Directions

In this chapter we discussed why well-designed data graphics are important and we described a taxonomy for understanding their composition.

The objective of this assignment is for you to understand what characteristics you can use to develop a great data graphic.

Each question is worth 5 points.

To submit this homework you will create the document in Rstudio, using the knitr package (button included in Rstudio) and then submit the document to your Rpubs account. Once uploaded you will submit the link to that document on Canvas. Please make sure that this link is hyper linked and that I can see the visualization and the code required to create it.

Question #1

Answer the following questions for this graphic Relationship between ages and psychosocial maturity

  1. Identify the visual cues, coordinate system, and scale(s) In this graph, the x axis represents the historical timeline from 20,000 years ago, 2000 years ago, 200 years ago, and today. The Y axis represents Age in Years. The graph itself depicts two bars per historical era split by color: green represents menarche while pink represents psychological maturity. We can see that as we go forwards in time, both bars get higher, indicating that both psychological maturity and menarche are happening at later ages than in the past. This holds true until we get to the present. In the very last set of bars, there is a distinct mismatch between the two, where psychological maturity is happening much later, but menarche is happening very early.

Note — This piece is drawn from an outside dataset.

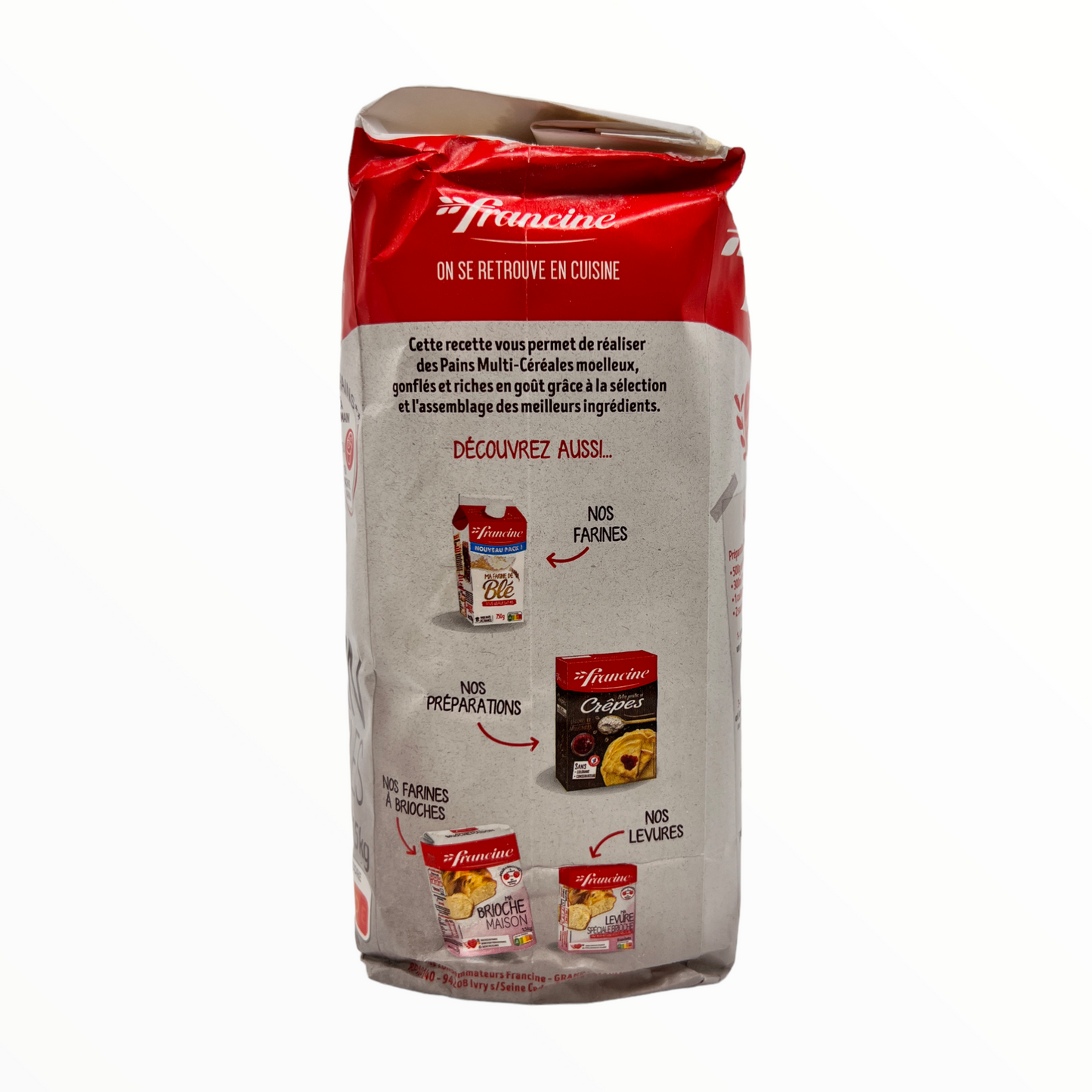 Francine Flour for Multigrain Bread, 3.3 lbs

  2. How many variables are depicted in the graph? Explicitly link each variable to a visual cue that you listed above. Two variables: menarche and psychological maturity. The visual cue for these variables is color. Menarche is green while psychological maturity is pink

  3. Critique this data graphic using the taxonomy described in the lecture. I think the graphic is efficient in driving home the point that it is trying to make, which is that there is a significant difference nowadays between menarche and psychological maturity, contrary to the past. The colors in the graph make it easy to see what each bar represents. My only complaint is the scale on the Y axis. There is only a 10 and a 20, and its hard to determine where anything in between is. I would instead have a line for every 2 years (i.e 10, 12, 14, etc). The graph is also missing a title.

Question #2

Answer the following questions for this graphic World’s top 10 best selling cigarette brands 2004-2007

  1. Identify the visual cues, coordinate system, and scale(s) This is a horizontal bar chart depicting the popularity of cigarette brands. The X axis represents sales in billions, with a scale from 0 to 500 billion, while the y axis lists the cigarette brands. A separate color depicts each cigarette brand.

  2. How many variables are depicted in the graph? Explicitly link each variable to a visual cue that you listed above. Two variables: cigarette brands and sales. A separate color is used for each cigarette brand.

  3. Critique this data graphic using the taxonomy described in the lecture. I think this is a very simple, yet very efficient graph. It clearly shows the dominance of Malboro in the cigarette industry, and the audience can see the magnitude of this dominance by looking at how much longer the bar is for Marlboro compared to the other brands. The use of color is also a nice touch that allows the viewer to distinguish the brands. The scale is approporiate and the there are axis titles and a main title showing the dates included in the study.

Question #3

Find two data graphics published in a newspaper on on the internet in the last two years.

  1. Identify a graphical display that you find compelling. What aspects of the display work well, and how do these relate to the principles that we have just gone over in lecture. Include a screenshot of the display along with your solution (Hint:use the following in a code chunk: knitr::include_graphics(“your_graphic”).
knitr::include_graphics("Drug Arrests.webp")

This graph shows the difference in drug arrests related to possession vs Sale/Manufacturing. I like this graph because it is simple in conveying a clear idea, which is that drug arrests are mainly focused on possession of drugs as opposed to shutting down the industry at the source, which is sales and manufacturing. The x axis shows Years (from 1985 to 2020) and the Y axis shows the # of arrests. A separate color is used for arrests due to possession and arrests due to sale/manufacturing. My only complaint about this graph is that there are no axis titles, even though they are pretty obvious.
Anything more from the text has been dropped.